Le Journalisme est par définition simple, activité qui consiste à recueillir, vérifier ou commenter des faits pour les porter à l’attention du public dans les médias en respectant une déontologie. C’est une profession noble qui a, comme toutes les autres professions, sa déontologie, son éthique. Néanmoins, il arrive parfois que des journalistes affamés et corrompus salissent l’image de la profession par cupidité. C’est le cas de ces quatre journalistes de la Radio Télévision Caraïbe (RTVC) qui font la une des journaux ces derniers jours.

Ils sont pour la majorité « sans colonnes vertébrales », ces reptiles qui rampent devant les dirigeants politiques pour obtenir des chèques de 250 milles gourdes.
Ils vendent leur conscience sur les ondes de la RTVC. C’était pour obtenir leur part du gateau sous la gouvernance de Martelly: Plusieurs d’entre eux ont obtenu des postes ministériels, de direction générale, de secrétaire d’État, de conseillers du président, de consultants entre autres !!!
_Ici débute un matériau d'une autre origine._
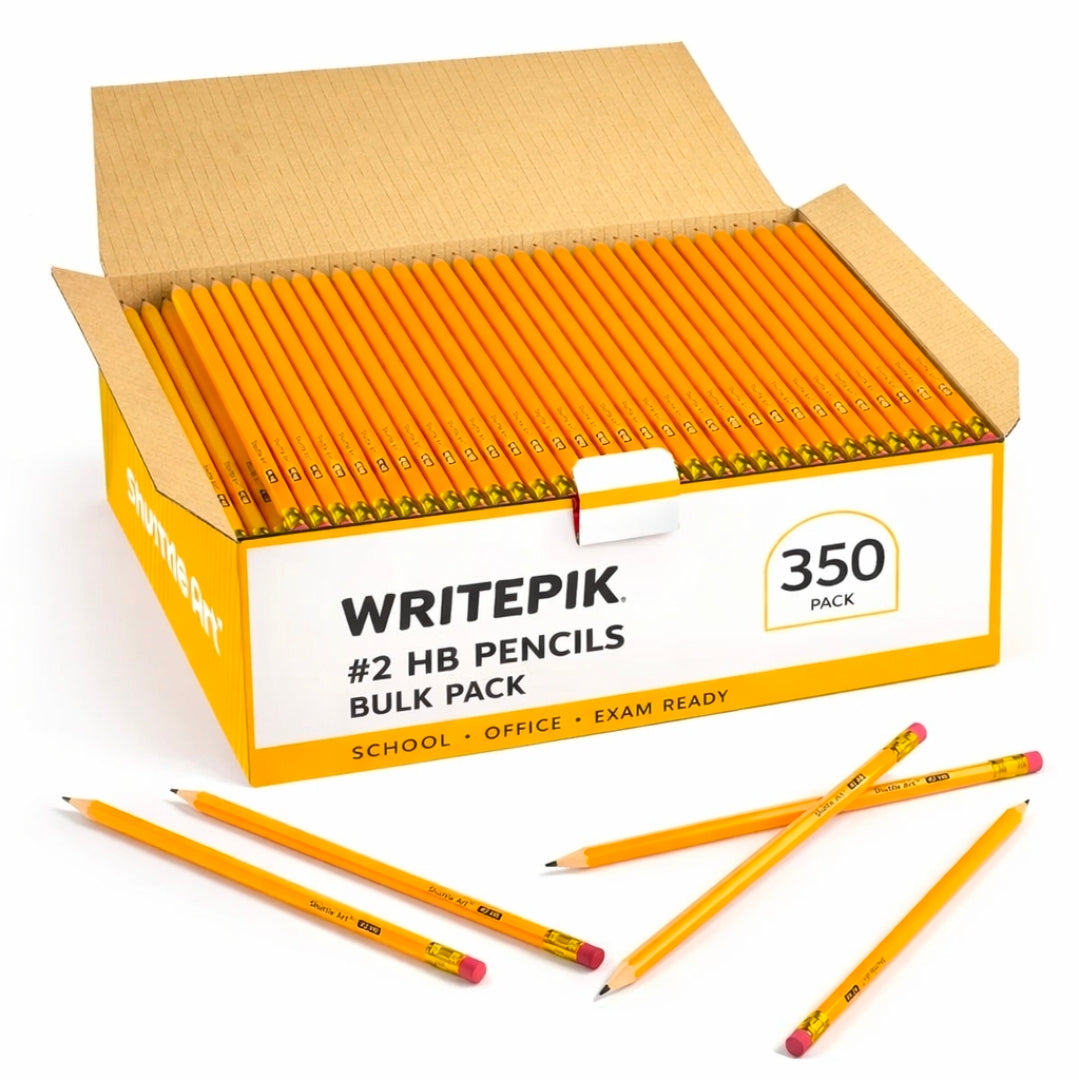WritePik #2 HB Pencils Bulk Pack of 350 pcs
On peut aussi comprendre pourquoi l’un de ces journalistes a failli en venir aux mains avec l’éminente professeure Mirlande Manigat pour la vérité constitutionnelle qu’elle a donnée sur la fin du mandat présidentiel de Jovenel Moïse. Ce n’était pas une cause nationale qu’il défendait, mais ses intérêts personnels, sa poche.

C’est aussi le cas pour certains animateurs d’émissions culturelles. Ils n’ont pas eu cette décence de critiquer, voir bannir les abrutis comme Sweet-Micky et alliés. Car, ils sont payés pour les supporter, sans tenir compte du code déontologique du métier. Des stars comme BIC, Kébert Bastien (KEB), Bélo, Ken FS, D-fi, Farah Joseph, Jean-Jean Roosevelt Renette Désir ne sont pas playlistés dans leurs émissions.

Ces genres de délires doivent éveiller la conscience de la société haïtienne ainsi que des travailleurs propres de la presse.

Ils sont nombreux à avoir pensé que tous les leaders d’opinion sont des « marchands de micro ». C’est faux ! Les journalistes ne sont pas tous corrompus.

On le sait, la presse haïtienne d’aujourd’hui est infestée de journalistes corrompus. Les quelques rares honnêtes qui exercent le métier continuent de souffrir. Car, ils sont pour la majorité des travailleurs de presse qui, malgré vents et marées, accompagnent la lutte pour une nouvelle Haïti.

Vous les corrompus de la presse, ne rampez plus ! Si sauver les autres vous indiffère, sauvez au moins votre dignité. Car, comme dit l’ancien président Jean Bertrand Aristide “Si n pa sove dinyite n, dinyite n ap sove kite n”. La dignité est le respect, la considération ou les égards que mérite quelqu’un ou quelque chose. La dignité de la personne humaine est le principe selon lequel une personne ne doit jamais être traitée comme un objet ou comme un moyen, mais comme une entité intrinsèque.

Prenez la décision de comprendre que vous êtes des modèles et des jeunes vous suivent, la société vous regarde et vous observe.
Arrêtez ces pratiques qui dénigrent la profession. Prenez votre liberté dès aujourd’hui, peu importe les circonstances. Sauvez vos images et celle de la profession en respecter les normes. Le pays en a grandement besoin. Cela ne vous coûtera qu’une pincée de conscience.